A major coal mining operation has been fined $150,000 for damaging sandstone rock formations in New South Wales, some of which are estimated to be millions of years old.
The NSW Department of Planning, Industry, and Environment (DPIE) fined Centennial Coal’s Mount Airly operation after an investigation found the mine cracked and damaged sandstone formations.
“Following an investigation by our compliance officers, we have determined the breaches are unacceptable,” a DPIE spokesperson said.
The independent investigation found 15 surface cracks in the Mugii Murum-Ban State Conservation Area, the biggest of which was 250 meters long.
Centennial Coal has conceded that more surface cracks may not be uncovered in the state conservation area.
The company will also be required to continually monitor and remediate any future cracks identified over the life of the mine, the DPIE spokesperson said.
“This is a legally binding agreement which will speed up remediation work and payments,” they said.
Remediation work will include filling some of the cracks using techniques designed to withstand impacts from weather.
Warning signs at the edge of the park and near cracks will also be installed, and the company has worked with the National Parks and Wildlife Service to install fencing near cracks to help with visitor safety.
The company must organize independent reviews every six months to see if there are any further cracks in the conservation area. These reviews will occur for the life of the mine, and if any are found, the company must implement remediation works.
The site’s many unusual rocks have been described as the “three hundred sisters”, echoing the more famous “three sisters” at Katoomba in the Blue Mountains.
President of the Blue Mountains Conservation Society, Madi Maclean, said it was pleasing that the mine “had been held to account,” but the fine amount was “disappointing”.
“It’ll have little impact on the mining company,” Maclean said.
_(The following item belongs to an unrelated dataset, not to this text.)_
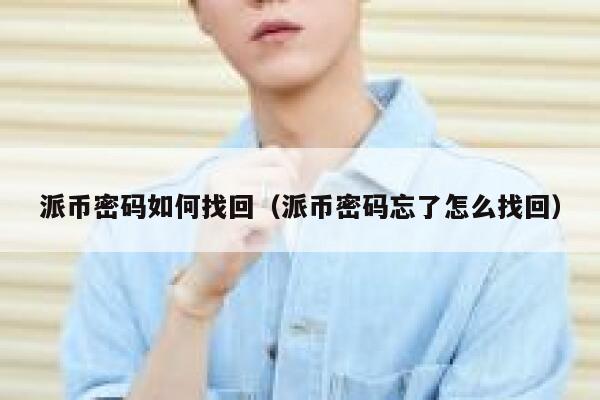 派币密码如何找回（派币密码忘了怎么找回） 第1张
“There were extensive cracks. It’s a beautiful reserve, Mugii Murum-Ban; seeing this damage and the sinkholes is a shame. We don’t want to see anymore.”
The stone towers are unique to the area; some are estimated to be between 6m and 10m years old.
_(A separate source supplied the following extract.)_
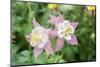 Columbine Flowers, Usa-Lisa S. Engelbrecht-Mounted Photographic Print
Repairing the damage “is very hard”, said Mary Thirlwall, a resident involved in Landcare who had helped raise the alarm. “You can’t jack up a mountain, you know, or fill in the cracks that easy.”
Sign up to receive an email with the top stories from Guardian Australia every morning.
Centennial has been approved to mine in the Mount Airly region up to 2037. The next stage within the Mugii Murum-Ban area would be to extract coal under the adjacent Genowlan mesa. This even larger rocky landscape could be more vulnerable to cliff collapses if there is similar fracturing at Mount Airly, according to Thirlwall.
The nearby Gardens of Stone, a larger area of remarkable, pagoda-like structures, were granted similar state conservation status last November. It, too, has had coal mining underneath.
“Airly and Genowlan are just iconic mesas,” she said. “It’s just a very special area.”
Centennial itself did not dispute the cracks caused by its longwall mining to remove coal panels in the 1.8m-tonne-a-year operation.
It also accepted the fractures far exceeded the consent condition that requires surface subsidence to be limited to 125mm.
The payment will be used to undertake work in the conservation area, including pest monitoring and management and installing new surveillance cameras.